We could do something very similar if we’re looking at finding out what beers a user has reviewed. We come in here and we can look at his “Show reviewed beers” and see the schema directly. You can see that in our graph, we don’t have any duplicated data. So if you’re looking at normal forms in terms of how to use join tables to reduce duplication, because we’re using actual instances – these nodes are instances of – I’ll put up my properties so you can see. This is a style. This is an instance of the style node that has the name American Double Imperial Stout, and this individual node is being referenced twice.

What this looks like as we come over here to American IPA – this is another example that’s being referenced three times – we can change the name of this American IPA. We don’t have any data duplication issues, and we still have three beers that reference it. We could then expand out from here – there’s another 3,000, but we can load 500 of them again. We can load another 500 beers within that category quite easily. Let’s not do that for a second.

That really starts to showcase some of the flexibility of our schema and the power of being able to navigate throughout our graph, keeping this property graph structure.

So as we start to think about our schema here, maybe there’s additional pieces that we want to look at, and that’s one of the biggest problems in relational design typically. You have to solve every problem at the outset, because changes coming later down the line are going to present a huge headache. That’s something that you can solve easily in a graph, and it’s actually one of our top tips. This isn’t your forever schema. This is not the one thing that you have to cast in stone and it’s going to be there forever. This is your first pass. It has to be workable and it has to solve your business cases, but over time, your business case is going to evolve and there’s going to be new requirements.
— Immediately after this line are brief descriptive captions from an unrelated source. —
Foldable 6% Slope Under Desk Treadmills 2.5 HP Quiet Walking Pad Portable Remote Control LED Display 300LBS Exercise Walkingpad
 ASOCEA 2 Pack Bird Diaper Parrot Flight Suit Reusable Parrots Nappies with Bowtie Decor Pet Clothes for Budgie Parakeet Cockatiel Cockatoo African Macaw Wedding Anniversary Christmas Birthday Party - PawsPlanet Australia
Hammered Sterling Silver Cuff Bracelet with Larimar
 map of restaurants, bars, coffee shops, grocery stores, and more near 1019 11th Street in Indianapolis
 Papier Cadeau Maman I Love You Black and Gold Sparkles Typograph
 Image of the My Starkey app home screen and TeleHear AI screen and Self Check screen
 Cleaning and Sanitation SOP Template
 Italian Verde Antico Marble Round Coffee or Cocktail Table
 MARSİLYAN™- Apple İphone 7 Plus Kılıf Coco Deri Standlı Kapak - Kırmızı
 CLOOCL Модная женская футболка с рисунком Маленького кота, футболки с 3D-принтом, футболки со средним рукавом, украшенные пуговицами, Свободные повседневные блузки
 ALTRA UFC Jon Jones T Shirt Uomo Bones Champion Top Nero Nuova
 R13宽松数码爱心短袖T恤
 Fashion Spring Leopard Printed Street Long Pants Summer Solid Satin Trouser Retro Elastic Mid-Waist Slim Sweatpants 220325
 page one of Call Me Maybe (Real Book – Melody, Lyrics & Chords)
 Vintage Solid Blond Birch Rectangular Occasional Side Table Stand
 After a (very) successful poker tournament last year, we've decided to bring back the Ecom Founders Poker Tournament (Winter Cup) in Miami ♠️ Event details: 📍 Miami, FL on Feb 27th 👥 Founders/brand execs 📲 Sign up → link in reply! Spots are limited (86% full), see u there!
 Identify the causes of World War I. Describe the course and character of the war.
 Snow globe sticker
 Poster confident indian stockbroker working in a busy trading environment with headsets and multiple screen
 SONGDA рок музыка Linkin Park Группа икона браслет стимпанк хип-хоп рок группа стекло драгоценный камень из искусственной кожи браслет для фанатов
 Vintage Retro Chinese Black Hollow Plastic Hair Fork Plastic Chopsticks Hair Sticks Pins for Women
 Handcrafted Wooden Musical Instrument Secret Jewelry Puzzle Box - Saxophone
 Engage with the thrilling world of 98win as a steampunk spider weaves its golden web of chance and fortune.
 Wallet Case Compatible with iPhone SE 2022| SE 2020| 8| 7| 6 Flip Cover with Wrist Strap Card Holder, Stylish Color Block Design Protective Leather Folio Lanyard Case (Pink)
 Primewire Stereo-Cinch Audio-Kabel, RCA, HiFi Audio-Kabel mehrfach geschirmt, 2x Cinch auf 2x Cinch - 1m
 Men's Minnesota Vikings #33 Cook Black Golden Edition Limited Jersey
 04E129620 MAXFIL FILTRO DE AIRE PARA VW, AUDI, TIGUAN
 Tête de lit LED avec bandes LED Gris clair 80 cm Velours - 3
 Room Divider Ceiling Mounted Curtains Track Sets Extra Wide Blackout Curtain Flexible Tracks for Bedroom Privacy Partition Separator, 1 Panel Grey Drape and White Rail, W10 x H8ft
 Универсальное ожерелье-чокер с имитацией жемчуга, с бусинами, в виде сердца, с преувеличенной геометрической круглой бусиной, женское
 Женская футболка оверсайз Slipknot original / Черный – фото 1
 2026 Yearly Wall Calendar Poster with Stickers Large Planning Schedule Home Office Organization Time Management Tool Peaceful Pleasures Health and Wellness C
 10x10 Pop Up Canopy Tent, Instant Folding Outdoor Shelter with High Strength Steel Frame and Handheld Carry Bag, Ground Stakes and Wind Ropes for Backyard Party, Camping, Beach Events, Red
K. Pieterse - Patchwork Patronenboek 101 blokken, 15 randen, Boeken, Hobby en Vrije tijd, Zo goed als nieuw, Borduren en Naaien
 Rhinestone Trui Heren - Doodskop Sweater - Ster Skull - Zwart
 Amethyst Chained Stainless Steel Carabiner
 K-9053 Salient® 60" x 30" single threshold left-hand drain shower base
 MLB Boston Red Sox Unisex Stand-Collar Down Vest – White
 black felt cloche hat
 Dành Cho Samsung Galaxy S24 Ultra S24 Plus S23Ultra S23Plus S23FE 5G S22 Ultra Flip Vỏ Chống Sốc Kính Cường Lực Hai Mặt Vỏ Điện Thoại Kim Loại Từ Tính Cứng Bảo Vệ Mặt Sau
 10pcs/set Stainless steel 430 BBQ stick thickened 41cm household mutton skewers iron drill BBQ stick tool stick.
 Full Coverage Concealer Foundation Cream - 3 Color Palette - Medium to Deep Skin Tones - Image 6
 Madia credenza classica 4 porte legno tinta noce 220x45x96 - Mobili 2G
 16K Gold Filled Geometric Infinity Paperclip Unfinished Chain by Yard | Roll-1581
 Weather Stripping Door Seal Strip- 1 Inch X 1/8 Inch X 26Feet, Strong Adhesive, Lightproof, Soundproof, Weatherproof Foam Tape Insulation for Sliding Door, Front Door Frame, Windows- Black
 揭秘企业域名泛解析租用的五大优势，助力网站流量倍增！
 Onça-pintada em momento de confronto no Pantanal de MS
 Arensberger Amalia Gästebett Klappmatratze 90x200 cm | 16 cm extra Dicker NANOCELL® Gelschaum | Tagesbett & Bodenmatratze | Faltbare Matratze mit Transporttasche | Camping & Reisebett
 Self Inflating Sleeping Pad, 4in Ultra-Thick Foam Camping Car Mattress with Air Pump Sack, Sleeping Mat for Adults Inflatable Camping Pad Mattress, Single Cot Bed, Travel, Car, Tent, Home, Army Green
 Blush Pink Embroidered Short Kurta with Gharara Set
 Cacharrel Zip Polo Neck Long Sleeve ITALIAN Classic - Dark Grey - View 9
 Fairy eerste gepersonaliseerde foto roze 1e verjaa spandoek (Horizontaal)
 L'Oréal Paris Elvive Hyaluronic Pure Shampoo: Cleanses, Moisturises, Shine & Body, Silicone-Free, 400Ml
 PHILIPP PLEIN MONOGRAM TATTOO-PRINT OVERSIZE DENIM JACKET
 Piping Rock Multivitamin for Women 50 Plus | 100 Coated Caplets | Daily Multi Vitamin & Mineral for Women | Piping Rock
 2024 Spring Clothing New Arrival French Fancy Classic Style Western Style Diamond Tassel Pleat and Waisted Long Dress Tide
So we might start out with this platform where we just want users to review beers, but then once we have all of this data, maybe we’re going to create a website. On this website, we’re going to have a webpage, and now there’s actually going to be beers listed on a webpage. We could do this relationship in a couple different directions, but we can call this relationship something like EXISTS_ON. So now we have a beer that exists on a webpage, and we can have a user that viewed a webpage.

So we’re keeping that subject-VERB-object relational structure, but we’re easily extending our graph further out to include other aspects, including the webpage. Now we’ve built out our website and we can start to include some of this information in our query, and we’ve created another path, essentially, to navigate between beers to users or between beers to reviews. It enables us to move and traverse easily within our application.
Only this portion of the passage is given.